Pictures with short captions:
##############################

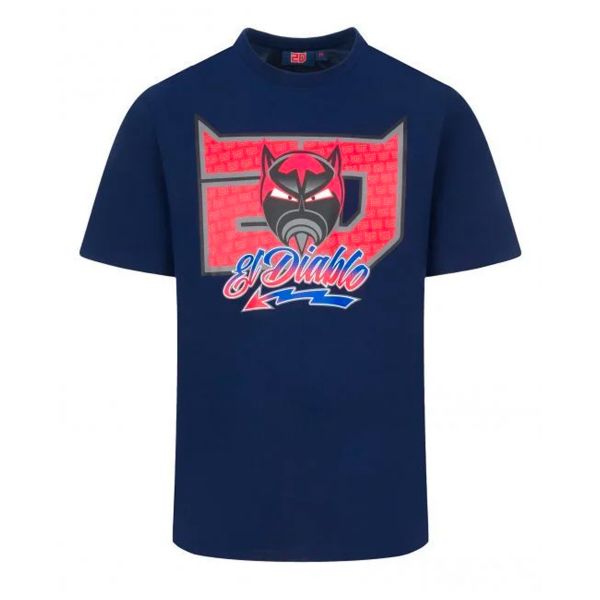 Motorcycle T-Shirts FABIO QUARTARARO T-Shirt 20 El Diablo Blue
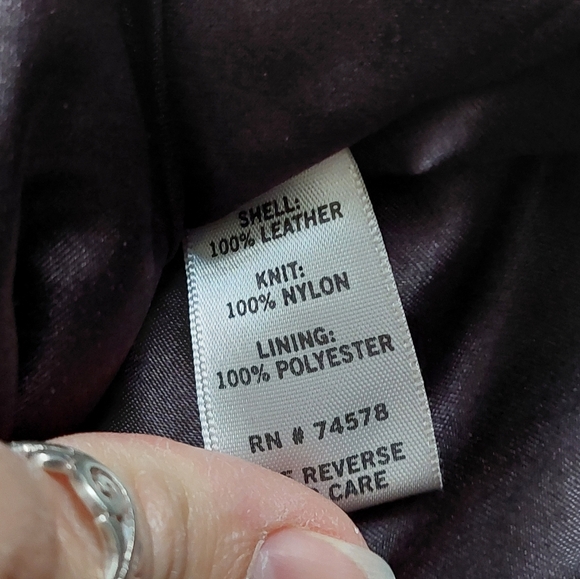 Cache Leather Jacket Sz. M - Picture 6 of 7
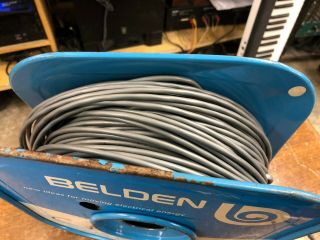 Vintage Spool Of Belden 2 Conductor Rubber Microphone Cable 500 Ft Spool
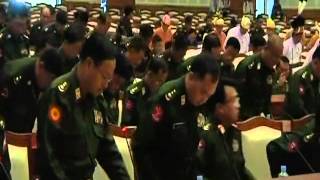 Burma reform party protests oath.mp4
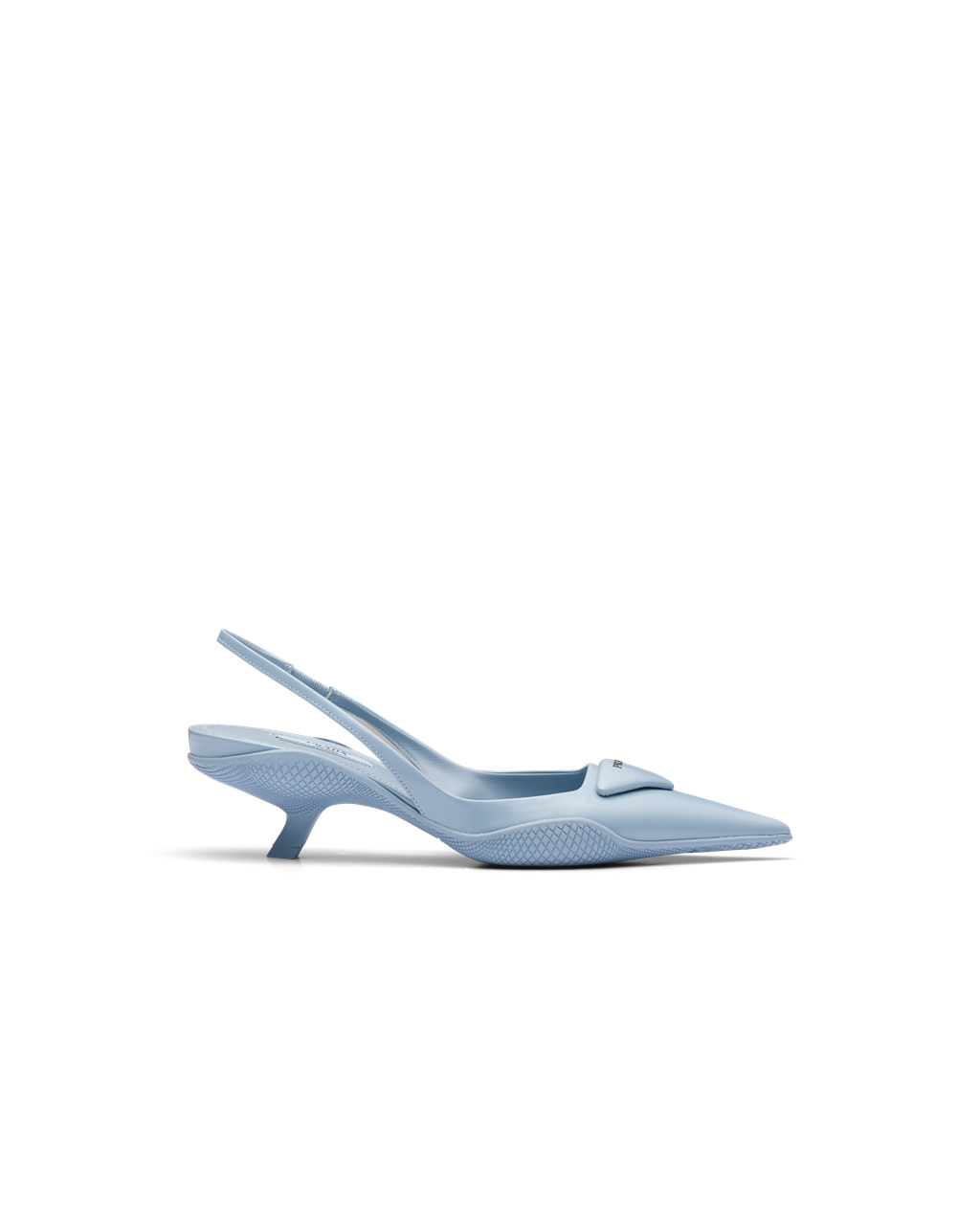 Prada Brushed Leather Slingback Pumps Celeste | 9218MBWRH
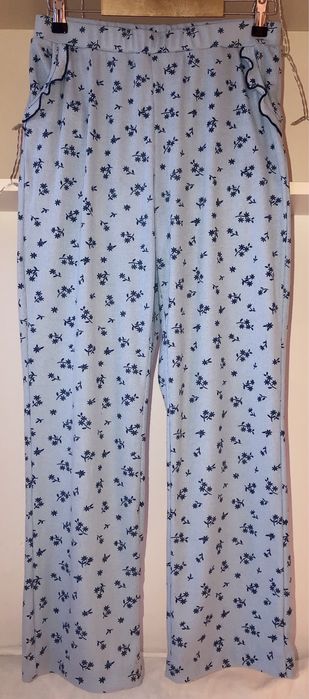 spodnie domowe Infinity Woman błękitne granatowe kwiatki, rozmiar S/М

##############################

Repeat exactly the lines above, from the line containing "Vintage Spool Of" through the last line of the records, inclusive; omit any pictures.

 Vintage Spool Of Belden 2 Conductor Rubber Microphone Cable 500 Ft Spool
 Burma reform party protests oath.mp4
 Prada Brushed Leather Slingback Pumps Celeste | 9218MBWRH
 spodnie domowe Infinity Woman błękitne granatowe kwiatki, rozmiar S/М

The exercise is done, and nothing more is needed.